The global economy in the 2000s was full of ups and downs against the backdrop of the surfacing of the subprime loan problem and the Lehman shock. I looked at the transition of the American economy and the future direction.

American economic transition after World War I

In 1919, about 100 years ago, the Treaty of Versailles was signed. As 2018 marked the 100 years since the end of World War I in 1918, large-scale events were held around the world.

Even after the end of the First World War, historical events such as the Second World War, the Cold War between East and West, and the collapse of the Soviet Union have occurred around the world.

One of the most notable changes since the end of World War I is the transition of the world’s top countries. The head of the world economy has shifted from Britain to the United States. Let’s look at this in terms of GDP.

The United States originally surpassed Britain’s real GDP before World War I. In the United States, the population increased greatly during this period and helped the GDP increase. The middle class increased and the economy centered on domestic demand was established. However, with the outbreak of the First World War, exports of military products to European countries increased and exports of steel and wheat increased.

On the other hand, as industry became richer and stock prices continued to rise and peaked out, a global depression finally occurred in 1929. The outbreak of World War II was the beginning of a long-term recession for the United States in the 1930s.

World War II and America’s Stable Growth

1939 was the year Nazi Germany invaded Poland and started World War II. During the war, the production of munitions expanded and the accompanying fiscal stimulus was used, and as a result, the United States succeeded in escaping from the Great Depression through World War II.

For example, 6 million women got jobs in the processing and production sector as demand for military products increased.

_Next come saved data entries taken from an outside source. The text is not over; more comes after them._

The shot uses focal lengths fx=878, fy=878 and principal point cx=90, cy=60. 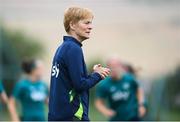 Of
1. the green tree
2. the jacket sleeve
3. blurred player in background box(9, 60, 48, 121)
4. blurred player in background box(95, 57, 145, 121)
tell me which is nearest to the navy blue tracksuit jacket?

Real GDP in 1945 increased by about 88% compared to 1939 when the war started, and the unemployment rate dropped to 1.2% of the labor force.

The U.S. dollar was the key currency at the 1944 Allied Monetary and Financial Conference in Bretton Woods. The U.S. currency, which already has the world’s greatest economic and military power, was judged to have the largest circulation and the highest creditworthiness in the world. The currency system with the dollar as the key currency is the Bretton Woods system.

Since the introduction of the Bretton Woods system, dollars have been circulated around the world, and countries around the world bought dollars for trade. The exchange rate system at that time was fixed, so unlike the current floating exchange rate system, we were able to focus on exports without worrying about exchange rate fluctuations.

After the war, we need to reinvent the economy. The transition to a post-war economy in the United States has been relatively smooth and despite a temporary drop in GDP, the economy has been growing steadily.

Protective trade that supported America

Protective trade that supported America
After World War II, despite the Cold War and the Cuban Missile Crisis, America continued to enjoy stable growth. In the 1960s, white-collar workers outnumbered blue-collar workers, dramatically improving people’s living standards. Hollywood movies and TV also showed the American way of life to the world, and many countries aimed for economic development to catch up with it.

During this period, the mass consumption society became full-scale, partly because of the effects of product cost reduction. It was also the year when Japan began to enter the world market with automobiles and home appliances as its weapons. In the 1980s, the trade deficit with Japan increased and trade friction was frequently reported.

This is not limited to Japan. The United States accounted for 40% of global steel production until the 1950s. However, production in Japan and Europe increased in 1960s. As a result, demand for protectionist trade increased in the United States, and the export industry, including the manufacturing industry, became increasingly severe.

Under the Clinton administration in 1994, a policy to protect specific industries was promoted, with a particular focus on the high-tech industry. After the Lehman shock, many countries tried to move toward protectionism.

Protective trade policies provide temporary benefits for protected industries. However, it is necessary to pay attention to the fact that it may reduce the international competitiveness of the industry. As an example of economic growth promoted by trade protectionism, the development of the western United States is often cited. If the size of the domestic economy is large, domestic demand-led growth can be expected even with protectionist trade. The current Trump protectionism is an extension of this economic growth.


President-elect Trump is now promoting protectionism to reduce the trade deficit.

It is clear from the transition of the United States that the United States has acquired the benefits of protectionism by becoming a leader. It is expected that the United States will continue to engage in trade consultations with other countries on a protectionist policy. This can be a risk for companies looking to expand overseas. If you want to expand overseas, I recommend that you look for a coordinator or partner who is knowledgeable about overseas markets and can objectively evaluate your business prospects and future potential.